Well, me, for one. I joined the Church at the height of the media frenzy over abusive clergy. I had my eyes wide open and I can say honestly that the scandal did not deter me from becoming Catholic. And I am not alone. I know countless men and women who have made an honest investigation of the Church’s claims and have embraced them even in the face of a non-stop media assault on the integrity of Catholicism.

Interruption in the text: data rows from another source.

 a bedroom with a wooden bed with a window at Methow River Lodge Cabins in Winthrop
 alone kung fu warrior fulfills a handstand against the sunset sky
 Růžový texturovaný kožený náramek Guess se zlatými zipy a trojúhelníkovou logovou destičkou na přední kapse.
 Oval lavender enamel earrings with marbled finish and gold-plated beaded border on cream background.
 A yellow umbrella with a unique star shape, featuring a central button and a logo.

The reasons are really not that hard to understand. The Church is not a cult of personality. When I became Catholic, I was not committing myself to the integrity of this or that Catholic leader. I was joining myself to a communion of saints and sinners that extends backwards in time to the Church’s foundation and forward to the end of time. It encompasses all the faithful joined to Christ, living and dead. In heaven, purgatory, and on earth. When I became Catholic, I knew that in some ways I was shaking hands with St. Augustine of Hippo (354-430) or St. Francis of Assisi (1181-1226) more than with some abusive priest in Boston. Ultimately, I was seeking to join myself to Christ. For as St. Gregory of Nyssa said, “He who beholds the Church really beholds Christ.”

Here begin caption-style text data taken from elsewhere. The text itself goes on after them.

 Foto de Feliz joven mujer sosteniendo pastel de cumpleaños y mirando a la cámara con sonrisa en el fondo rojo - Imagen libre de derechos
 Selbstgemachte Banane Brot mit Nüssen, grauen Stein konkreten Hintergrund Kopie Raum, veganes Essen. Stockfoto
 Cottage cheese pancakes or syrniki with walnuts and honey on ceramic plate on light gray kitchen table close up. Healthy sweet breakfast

Since the late 1980s, more and more Protestant clergy, leaders, and intellectuals have embraced the Catholic Church. This is something the late Fr. Richard John Neuhaus predicted in his book The Catholic Moment: the Paradox of the Church in the Postmodern World. (1990) Neuhaus saw clearly that only the Catholic Church had the intellectual, cultural, and spiritual resources necessary to confront the challenges of the twenty-first century. Writer Joseph Bottum has explored how this has played out since Neuhaus, how Catholic ideas and influence have come to dominate religious discourse in the public sphere. (See his new book An Anxious Age: the Post-Protestant Ethic and the Spirit of America.) Historian Philip Jenkins explains that anti-Catholicism has become the last acceptable prejudice precisely because Catholicism represents the leading opponent to secularism, relativism, and atheism. (See his book The New Anti-Catholicism: The Last Acceptable Prejudice.)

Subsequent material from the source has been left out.